Primartha [4] proposed model for IoT-based systems where they used the random forest algorithm on different datasets like NSL-KDD, UNSW-NB15, and GPRS considerably different number of trees and evaluate results based on accuracy and false alarm rate. In terms of accuracy, the NSL-KDD dataset performs better with an accuracy of 99%, unlike UNSW-NB15 which has an accuracy of 95% and GPRS whose accuracy ranges from 89 to 92% depending on a number of trees.

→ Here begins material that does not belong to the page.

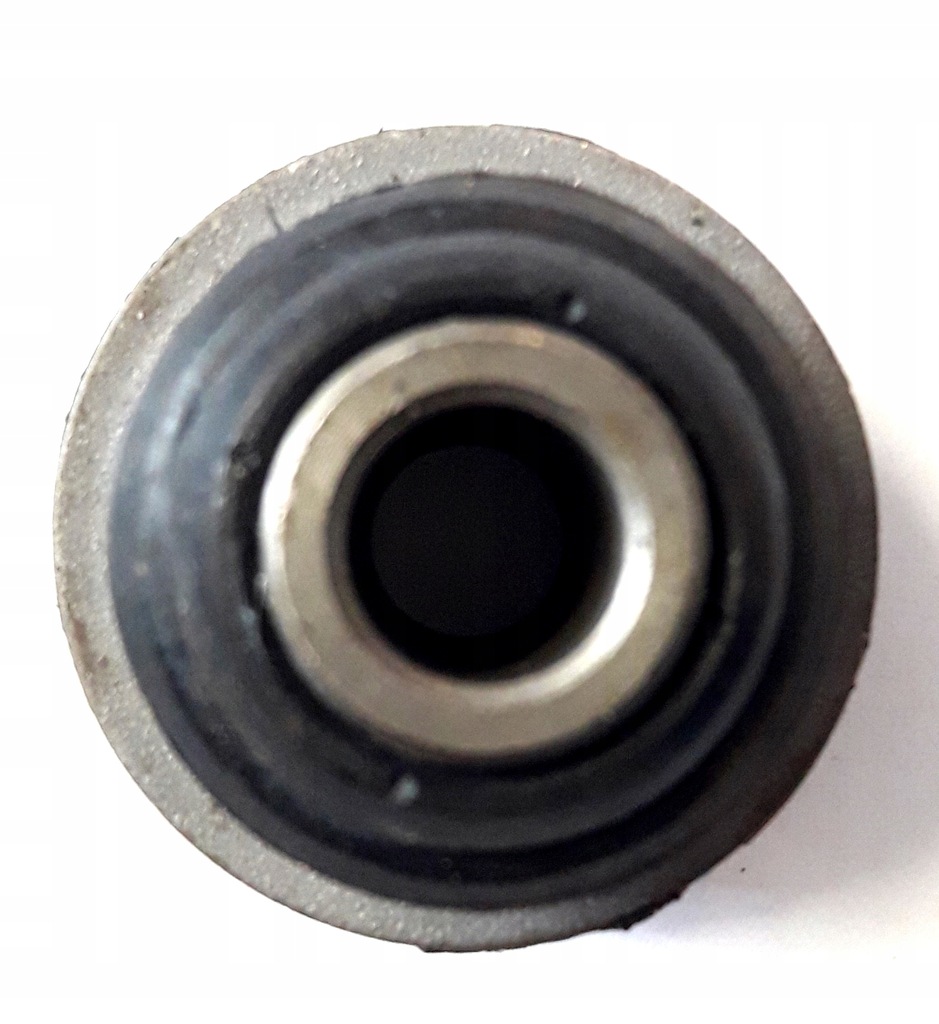 фото №2, Втулка рычага передняя r=l primera p10 p11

Ahmad [1] gives a comparison of support vector machine, random forest, and extreme learning algorithms. They use NSL-KDD dataset by considering only numeric features. Machine learning algorithm is applied for full samples, half samples, and 1/4 samples by taking 80% of total available data as training samples and 20% is taken as testing samples. The accuracy of support vector machine is around 99%. For random forest, it shows accuracy from 97 to 97.5% and for extreme learning ranges from 97.5 to 99% depending upon a number of samples taken.
3 Proposed Method
As a preprocessing, data is cleansed with one-hot encoding. All nonnumerical features will be converted into binary format. Furthermore, only training data samples are scaled by removing mean to cluster the samples. Figure 1 describes the block diagram of the proposed method. Feature selected by considering all the samples of training and testing data. The cross-validation method is used which helps to get better model. The description of the proposed method is as follows.
3.1 Data Preprocessing
All features are made numerical using one-hot encoding. This technique will transform each categorical feature with m possible inputs to n binary features, with one active at the time only. The features are standardized by scaling to unit variance to avoid the influence of large values. Each feature will have zero average with standard deviation of one after feature scaling.
3.2 Feature Selection
Eliminate redundant and irrelevant data by selecting a subset of relevant features that fully represent the given problem. ANOVA F-test is useful to determine contribution of each feature with respect to labels; univariate feature selection is done using ANOVA F-test method. Percentile of highest score is determined using percentile method (sklearn.featureselection). Recursive feature elimination (RFE) is applied on the subset to select the most contributing features in the system.
3.3 Build the Model
A large number of individual decision trees that operate ensemble in random forest. Random forest tree model is built in Python using Colab notebook and Keras. By leaving one-third of the cases from sample, training set for the current tree is drawn. Sampling with replacement method is used. As trees are added to the forest, it is possible to run unbiased estimate of the classification because of out-of-bag (OOB) data. It is also used to get estimates of variable importance. Proximities are computed for each pair of cases as each tree is built and all of the data run down the tree. Proximity is increased by one if two cases occupy the same terminal node. By dividing the number of trees, proximities are normalized at the end of each run. To illuminate low-dimensional views of the data, the replacement of missing data and to locate outlier proximities could be used. Outstanding accuracy among all other existing algorithms can be achieved by this method. The same method could be used on large datasets. Classification of new data from input vector is possible by attaching input vector down each of the trees in the forest. Classification given by each tree is known as “votes” for that class. The classification having the most votes is chosen by forest.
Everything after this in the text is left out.